Even six years ago, when Nelson Cruz hit 40 home runs for the first time for the Orioles, I thought that was it.
Sure, 40 is a huge number, but he'd never done it before -- he'd only reached 30 once -- and he was already 34 years old. He'd already been in the league for 10 years. It was a fluke. He'd probably be retired in two years, playing in some celebrity softball game with Justin Bieber.
And then the Mariners gave him a four-year contract. We all laughed. Maybe he'd be good for a year or two. But four? He probably won't hit 40 home runs again. Maybe 25.
But no, Cruz continued to defy time and bomb away out in Seattle. He hit 44 dingers in his first year and 43 in the second. He was clearing entire stadiums at the age of 36.

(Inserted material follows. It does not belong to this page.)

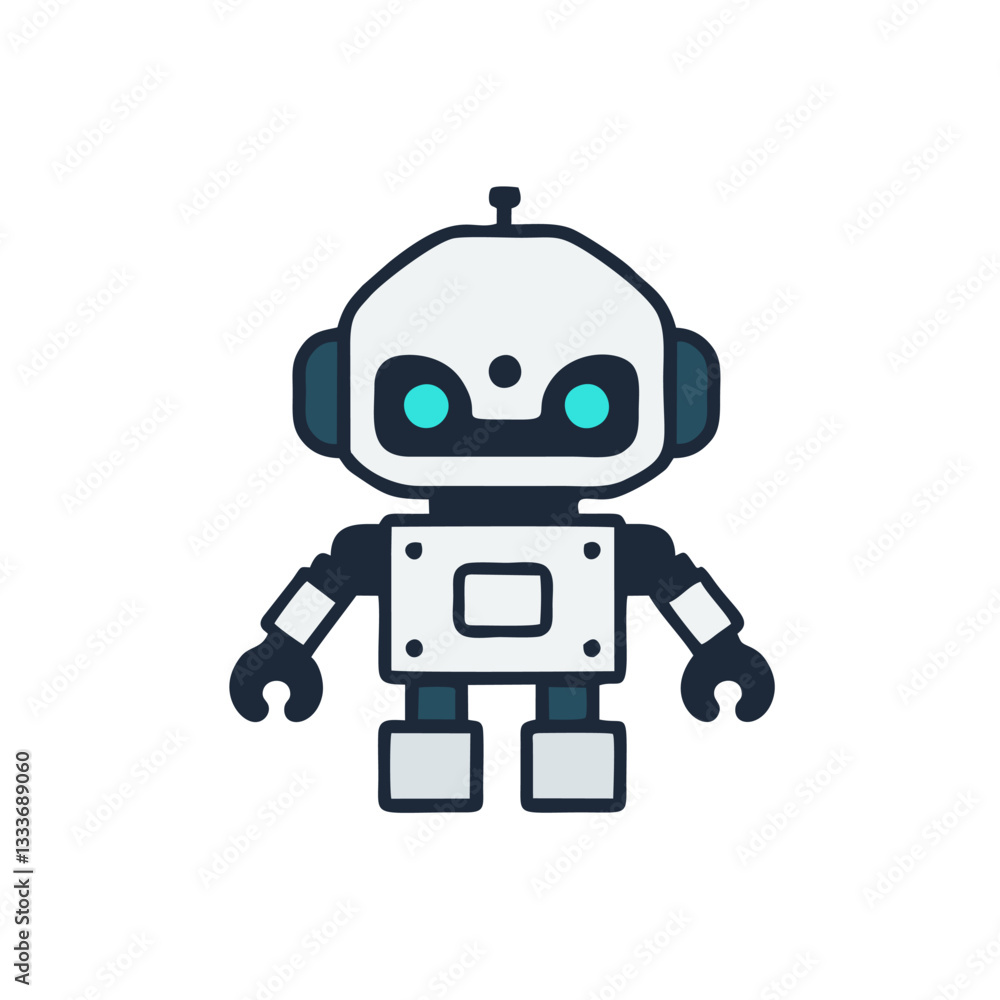 Flat Design Robot Illustrations - Digital Future and AI Flat Design Robot Illustrations - Digital Future and AI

Still, you thought, there's no way this guy can keep up this pace. He's into his late-30's. Players just don't continue doing this. He was old enough to be some player's dads. He takes naps in the clubhouse. And then Cruz hit 39 in his third year, leading the league with 119 RBIs. He hit 37 in the following, the year he turned 38. He was Benjamin Button. He was like a bottle of fine wine, if wine could talk and walk and crush home runs.
OK, but that's it. That was enough. Even after all of this, he had to decline. He had to be done. He was entering his age-39 season. He would be the oldest everyday offensive player in baseball.
Teams seemed to realize this. Despite his great 2018, Cruz languished in free agency for months, eventually settling for a one-year contract with the Twins. And then, well, he continued to destroy baseballs.
He has 32 total homers and has hit three in one game twice in the past two weeks. He has 16 in his last 24 games. He hit two more last night. He's a machine. He will never, ever stop.
The Twins should extend him to a five-year deal. Maybe 10. Maybe a lifetime contract. He's only getting better. He'll only continue hitting more and more home runs. Maybe until there are no more left to hit.
When the final super storm wipes the rest of us away, when the last flower in Earth's forest wilts and dies, when the sun burns out into just another anonymous star in our polluted skies, Nelson Cruz will be out there launching baseballs out and over a wall. Go ahead and doubt him. It just makes him stronger.